Entendí de una manera determinante que ya no servían las palabras. Mis hermanas ya no eran dos visitas, eran dos libros más, escritos en alemán en algún estante. Con un nudo en la garganta salí del cuarto del hijo a buscar refugio cerca del muerto. No sabía dónde ponerme. En el pasillo me topé con Manolo que venía diciendo:
Pobre papito, a veces siento que soy el culpable de su muerte. Él me dijo aquél día: del trabajo volvé en seguida a casa, no te detengas a comprar nada. Y yo me entretuve unos minutos por comprar unas masas. Cuando llegué él se había roto dos vértebras al tratar de levantar a mamita que se había caído de la cama. El pobre no se compuso más. Y después la bacteria. Parece que es el encierro, el no ventilar. Y el calor. Dicen que es un caldo de cultivo perfecto para el desarrollo de las bacterias. A papito se le alojó una en el aparato respiratorio. Neumonía, dijo el médico. Y no hubo nada que hacer.
Yo estaba experimentando una forma nueva de soledad. Había ido con dos personas cuerdas a lo de un ingeniero excéntrico, según mi madre, y ahora estaba frente a un demente parricida y a dos perfectas desconocidas, dos posesas que se habían instalado en esa casa para desplegar sus tendencias esotéricas, en un velorio donde cada cual atendía su juego. Me saltaban las lágrimas pero no sé si eran de llanto. Sin saber bien qué hacer volví al cuarto de la madre a buscar a mi hermana mayor. La encontré empeñada en comunicarse con la enferma. La enferma le respondía, o no, emitiendo unos sonidos guturales que para mi sólo tenían consonantes.
¿No ves? Dice no se vayan, no se vayan, dijo mi hermana mayor.
Me quedé mirándola con desesperación, mientras ella me hacía señas contradictorias. Me acerqué para avisarle que mucho más se le entendía a la enferma, pero ella ni me miró.

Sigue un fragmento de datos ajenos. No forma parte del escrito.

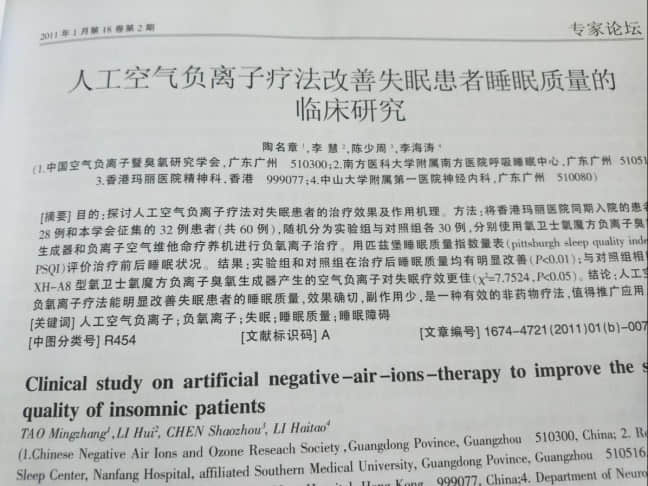  “一只羊、二只羊、三只羊……”，负氧离子治疗失眠比数羊管用100倍!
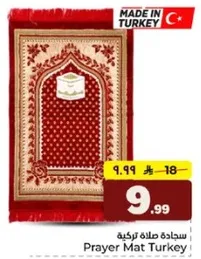 سجاده صلاه تركيه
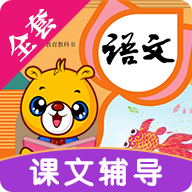 部编版小学语文识字app v4.3.220 安卓版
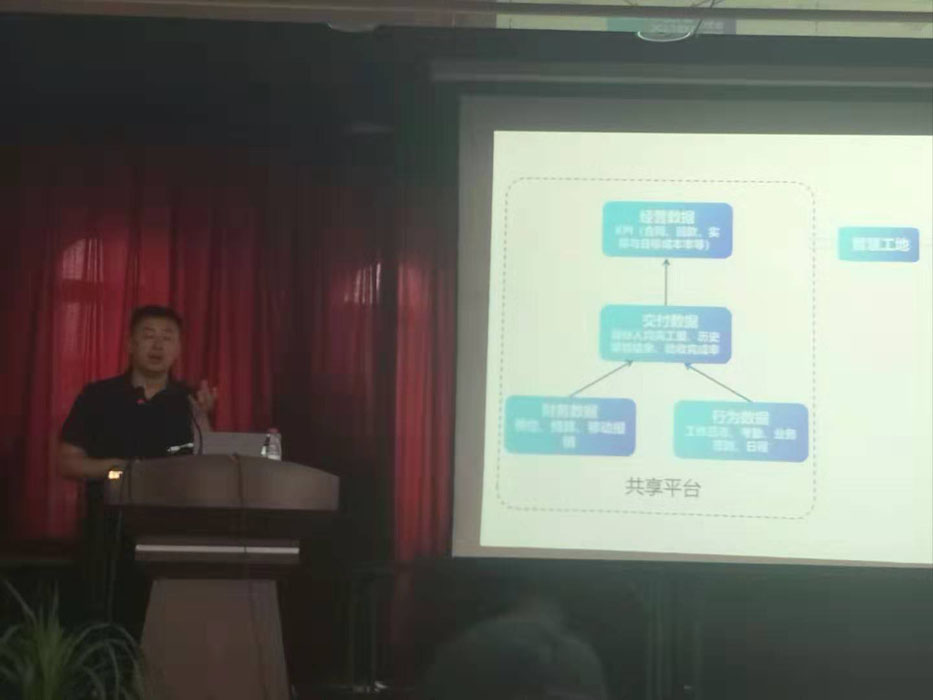 1566199505240143.jpg 圖三、趙毅.jpg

La sonda nasal no tiene nutrientes, la está manteniendo con agua. Está mal medicada, no tiene ninguna cánula que le lleve alimento. Yo la veo deshidratada. Me parece que voy a cambiarla, dijo.
En la escena siguiente mi hermana mayor sacó a la enferma de abajo de las frazadas y se dispuso a cambiarle los pañales. La amiga de nuestra madre tenía los brazos en alto y con las manos hacía dibujos en el aire. Mi hermana me miró.

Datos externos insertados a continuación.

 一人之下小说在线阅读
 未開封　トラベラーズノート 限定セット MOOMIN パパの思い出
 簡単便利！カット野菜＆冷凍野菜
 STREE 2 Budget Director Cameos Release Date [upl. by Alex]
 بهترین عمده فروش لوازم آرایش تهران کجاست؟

Te dije, está mal la medicación, está descompensada. Esto solo se soluciona durmiendo al lado de ella. Yo tengo unos días libres, dijo.
Yo sentí una ligera náusea y la imperiosa necesidad de llevar mi cuerpo a un lugar muy lejos. Retrocedí por el pasillo hasta quedar otra vez en el medio del living-capilla ardiente.
Cuando iba a prender el cigarrillo un chistido me dejó paralizada. Yo creía que estaba sola con el muerto. Al darme vuelta bruscamente vi a Manolo, derecho como un mástil. Por su expresión comprobé que fumar allí era un sacrilegio.
No es sano, ni para vos ni para papito, dijo.
Sentí un fuerte olor a quemado. Sugestionada, lo vinculé a Manolo, pero un calor fuerte contra mi oreja me indicó que se me estaban incendiando las puntas del pelo.
Mirá lo que has hecho, les avisé que estamos sin agua, dijo mientras abandonaba al padre muerto y se me acercaba con un repasador. A mí me salían lágrimas, él me las secaba con el trapo. No eran lágrimas de miedo, eran como de abnegación. Un sentimiento de renuncia y entrega desplazó toda mi pavura y mi aprensión y se me instaló en el alma.
Después de apagar la vela y mi pelo, Manolo tiró el repasador al suelo, se sacó los anteojos, abarcó mi cara con sus manos y empezó a lamer mis lágrimas. Por un instante volví a ver su encía sin dientes, pero su boca ya bajaba hasta la mía y yo también me dejé llevar.